So let's break it down.

  • You want to regularly send e-mails containing one or more PANs to one or more authenticated parties.
  • You've thought up a method of sending these emails over an encrypted transport and you'll encrypt the specific e-mails too.

To make this work you'll probably have to do the following, next to all the PCI-DSS related things you're already doing:

  • Check and/or update your Security Policy to allow PANs to be transported out of the CDE this way, with requirements for the exact method.
  • Determine who you are sending these e-mails to
    • For employees of the same entity, you're going to have to include their machines in the PCI-DSS scope (config standards, proper network config, disk encryption, vuln scans, the works) and train these employees on proper usage of the system according to PCI-DSS standards. Since your email server will store these emails it may come in to scope, too; discuss with QSA/consultant.
    • If the recipients are suppliers of some sort, make sure your contract with them states that they need to be either PCI-DSS compliant (if they participate in CC processing somehow) and/or need to sufficiently protect the data you are sending them. If they need to be PCI-DSS compliant, collect their AOC annually.
    • If the recipients are customers/merchants, your acquirer is probably going to want you to manage their PCI-DSS status too.
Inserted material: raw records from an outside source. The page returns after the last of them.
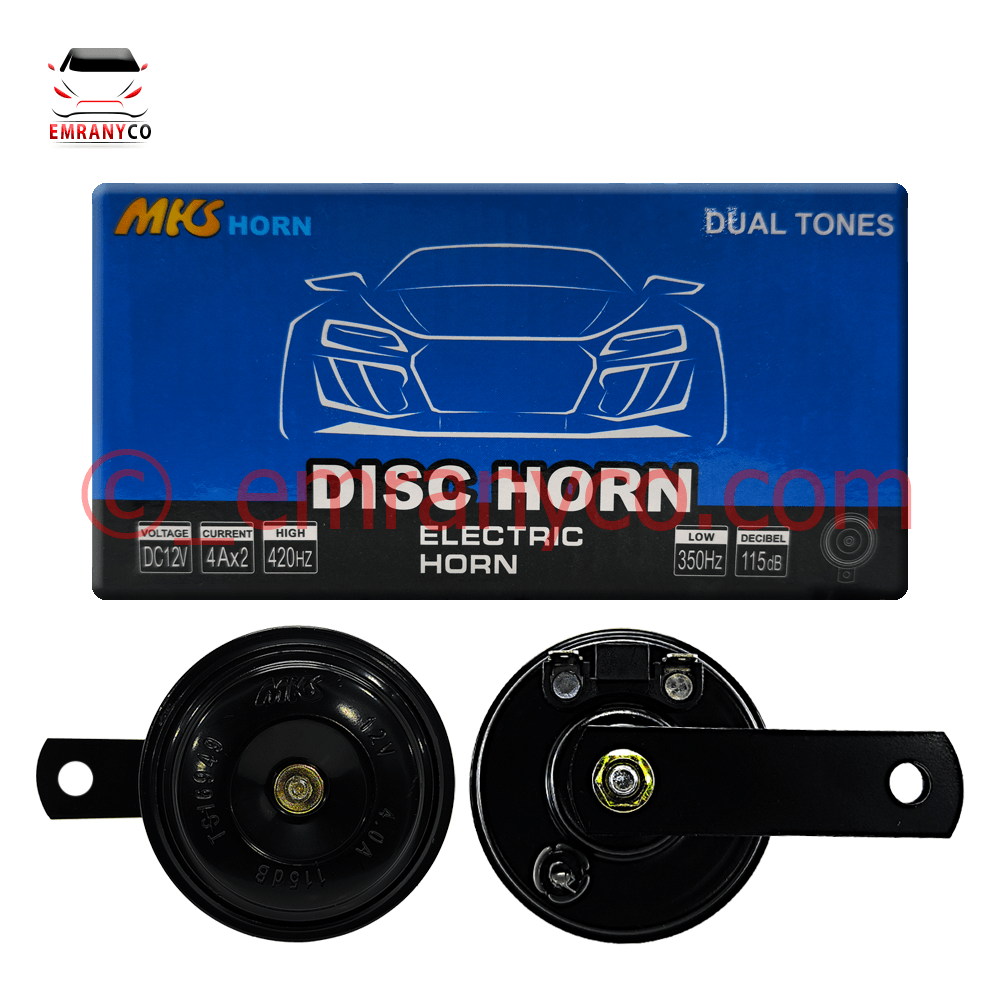 00501035 (1) بوق بنزی MKS - تصویر 1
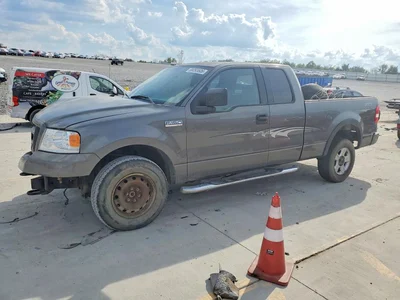 2004 FORD F150, фото 1, лот 10982068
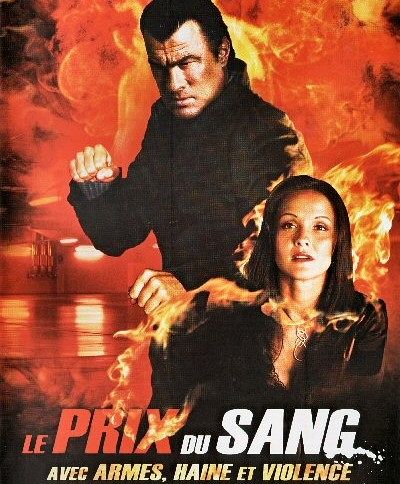 Le prix du sang [Blu-ray]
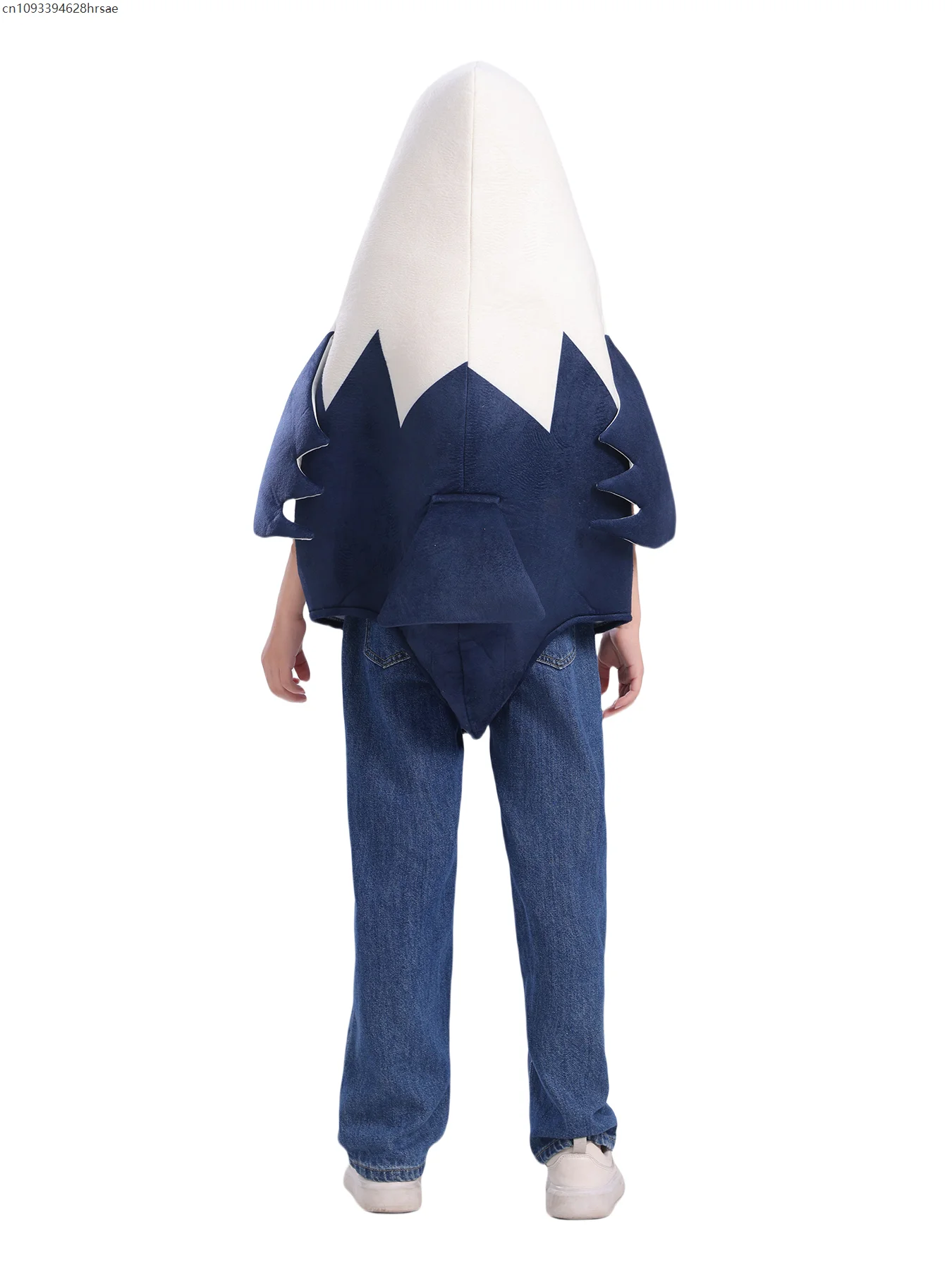 الأطفال الفتيان والفتيات لطيف ليتل أصلع النسر تأثيري حلي للحزب الأحداث المدرسية ألعاب احتفالية الزي الحيوان بذلة الحفلات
Collect AOC or SAQ annually.
    • In both cases, you probably want to agree on some sort of retention period.
  • Design and implement processes to manage (rotate after a period,revoke in case of compromise,generally replace) the encryption keys used to send these e-mails, probably also those of the recipients (if you use PGP). See chapter 3 of PCI-DSS:

    • A way to authenticate/verify/enroll/unenroll recipients and the keys used for them
    • Have a secure way of dealing with the encryption keys within your application (private key needs to be encrypted, encryption passphrase can't be stored on the same server: will probably need split control to work with)
    • A process to assess if the used technology is still valid and a way to move forward when it's considered insufficient
  • Design and implement the actual product according to the change process:

    • Make sure you don't store unencrypted versions of the email in tempfiles or logs
    • Having a way of knowing what you sent where may help in case of issues
    • Have the system properly tested (also for security issues)
  • Have a (incident) process in place to deal with rogue/compromised recipients, compromised keys, etc.

It may be worth the effort to try and come up with a different solution that makes things easier for you. Why send PANs out if you can have people come to your system? That may be easier to deal with.